Residents who qualify for the scheme must bring a certified copy of their ID, proof of income from Sassa grant receipts, salary advice or a three-month bank statement, sworn affidavit from police for those who are unemployed, a copy of a municipal account and a sworn affidavit to disclose business ownership or directorship in business of the applicant and members of the household.

Gela indicated the huge municipal water bill was also caused by illegal connection, especially in villages where water provision was rationed.

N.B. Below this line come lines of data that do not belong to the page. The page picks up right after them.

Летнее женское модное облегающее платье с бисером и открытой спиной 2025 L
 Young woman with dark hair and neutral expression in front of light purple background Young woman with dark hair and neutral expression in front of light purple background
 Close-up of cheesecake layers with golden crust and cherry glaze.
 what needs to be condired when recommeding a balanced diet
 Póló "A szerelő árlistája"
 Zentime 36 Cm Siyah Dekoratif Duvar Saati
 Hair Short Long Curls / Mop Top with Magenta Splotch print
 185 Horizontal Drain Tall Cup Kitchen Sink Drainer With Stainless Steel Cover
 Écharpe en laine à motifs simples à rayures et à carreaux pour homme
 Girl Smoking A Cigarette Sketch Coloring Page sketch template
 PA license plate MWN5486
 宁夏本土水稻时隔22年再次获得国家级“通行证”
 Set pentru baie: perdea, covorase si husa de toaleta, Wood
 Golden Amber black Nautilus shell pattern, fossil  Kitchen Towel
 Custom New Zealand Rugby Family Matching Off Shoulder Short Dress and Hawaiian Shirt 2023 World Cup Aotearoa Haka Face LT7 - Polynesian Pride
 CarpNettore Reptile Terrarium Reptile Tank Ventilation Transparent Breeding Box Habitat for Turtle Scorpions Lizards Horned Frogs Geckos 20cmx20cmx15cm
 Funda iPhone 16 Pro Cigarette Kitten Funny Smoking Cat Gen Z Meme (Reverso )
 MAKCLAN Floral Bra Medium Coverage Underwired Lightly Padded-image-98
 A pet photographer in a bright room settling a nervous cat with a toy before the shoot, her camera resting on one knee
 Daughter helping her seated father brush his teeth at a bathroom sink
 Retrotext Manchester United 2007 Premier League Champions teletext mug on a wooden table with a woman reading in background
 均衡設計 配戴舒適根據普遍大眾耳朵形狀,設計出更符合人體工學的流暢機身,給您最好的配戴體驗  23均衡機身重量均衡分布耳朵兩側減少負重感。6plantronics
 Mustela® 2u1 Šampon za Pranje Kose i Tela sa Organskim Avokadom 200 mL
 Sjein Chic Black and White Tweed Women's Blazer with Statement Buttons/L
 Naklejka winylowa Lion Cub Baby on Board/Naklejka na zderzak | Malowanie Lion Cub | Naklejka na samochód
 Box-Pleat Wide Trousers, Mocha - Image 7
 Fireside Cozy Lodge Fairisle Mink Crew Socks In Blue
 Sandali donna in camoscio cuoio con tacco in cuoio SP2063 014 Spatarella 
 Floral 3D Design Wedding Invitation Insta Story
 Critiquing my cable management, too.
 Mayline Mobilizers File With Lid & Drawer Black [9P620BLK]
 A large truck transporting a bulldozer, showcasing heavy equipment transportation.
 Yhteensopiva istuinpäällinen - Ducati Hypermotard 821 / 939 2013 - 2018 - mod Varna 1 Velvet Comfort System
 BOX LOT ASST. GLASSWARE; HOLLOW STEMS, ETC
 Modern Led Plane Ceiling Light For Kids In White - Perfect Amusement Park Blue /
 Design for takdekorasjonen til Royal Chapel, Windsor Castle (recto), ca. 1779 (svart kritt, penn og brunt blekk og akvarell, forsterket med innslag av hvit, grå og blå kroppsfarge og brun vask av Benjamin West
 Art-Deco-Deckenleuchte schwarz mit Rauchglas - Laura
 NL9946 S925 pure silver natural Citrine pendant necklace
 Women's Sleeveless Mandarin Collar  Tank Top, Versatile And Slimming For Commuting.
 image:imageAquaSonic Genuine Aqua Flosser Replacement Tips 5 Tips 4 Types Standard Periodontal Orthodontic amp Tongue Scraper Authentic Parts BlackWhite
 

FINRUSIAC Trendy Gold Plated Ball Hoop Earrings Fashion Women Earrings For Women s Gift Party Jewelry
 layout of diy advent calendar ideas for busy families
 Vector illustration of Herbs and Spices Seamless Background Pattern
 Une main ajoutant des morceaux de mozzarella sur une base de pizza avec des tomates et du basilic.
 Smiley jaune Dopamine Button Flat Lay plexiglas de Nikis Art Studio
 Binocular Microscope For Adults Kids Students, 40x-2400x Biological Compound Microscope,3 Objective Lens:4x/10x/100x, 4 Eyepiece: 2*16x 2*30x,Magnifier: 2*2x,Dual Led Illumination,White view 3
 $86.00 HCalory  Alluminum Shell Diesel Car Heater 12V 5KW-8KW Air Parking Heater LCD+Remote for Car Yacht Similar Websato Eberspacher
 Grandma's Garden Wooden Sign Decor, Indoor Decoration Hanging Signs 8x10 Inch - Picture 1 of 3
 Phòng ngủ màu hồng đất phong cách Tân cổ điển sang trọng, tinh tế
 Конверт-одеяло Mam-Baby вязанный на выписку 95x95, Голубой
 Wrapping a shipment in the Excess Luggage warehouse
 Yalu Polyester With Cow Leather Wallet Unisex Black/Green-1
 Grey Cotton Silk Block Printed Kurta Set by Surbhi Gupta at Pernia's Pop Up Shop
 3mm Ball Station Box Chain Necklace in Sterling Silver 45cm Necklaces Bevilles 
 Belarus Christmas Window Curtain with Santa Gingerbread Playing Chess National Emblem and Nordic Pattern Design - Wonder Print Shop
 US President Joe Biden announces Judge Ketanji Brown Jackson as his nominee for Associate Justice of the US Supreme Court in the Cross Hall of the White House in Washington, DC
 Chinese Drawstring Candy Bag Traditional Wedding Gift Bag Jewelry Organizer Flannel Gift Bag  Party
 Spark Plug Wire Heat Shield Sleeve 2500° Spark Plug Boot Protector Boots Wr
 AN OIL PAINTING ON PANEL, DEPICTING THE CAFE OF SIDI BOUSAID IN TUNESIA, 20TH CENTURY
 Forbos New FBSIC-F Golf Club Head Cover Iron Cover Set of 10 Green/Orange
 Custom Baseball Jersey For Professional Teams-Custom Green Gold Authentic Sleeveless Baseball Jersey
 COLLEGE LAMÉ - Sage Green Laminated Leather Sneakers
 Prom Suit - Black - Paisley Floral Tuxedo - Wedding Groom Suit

“We understand that people need the resource, but this is detrimental to the municipality because it leads to the vandalism of our infrastructure. This delays our strides in water provision in those areas because we end up having to replace material we already had. Pump stations across the district have been the target of vandals, necessitating the municipality to redirect funds to replace valuable items that were stolen or damaged.”

Last month, MEC for co-operation, governance and traditional affairs, Xolile Nqatha, also cautioned against the growing vandalism of water infrastructure across the province.

He issued a stern warning against perpetrators, indicating the criminal act disadvantaged the most vulnerable communities.

“I have learnt with shock the rate of vandalism of water infrastructure which is detrimental, especially considering the urgent need to respond to the Covid-19 pandemic. Vandalism of water infrastructure is among the worst offences being perpetrated by some criminal elements and this act has dire consequences as it causes interruption to water supply. According to the Criminal Procedure Act of 1977, those found to have tampered with, damaged or destroyed essential infrastructure should face a severe penalty such as imprisonment of up to 30 years. We will ensure anyone who is found to be the perpetrator faces the full might of the law,” said Nqata.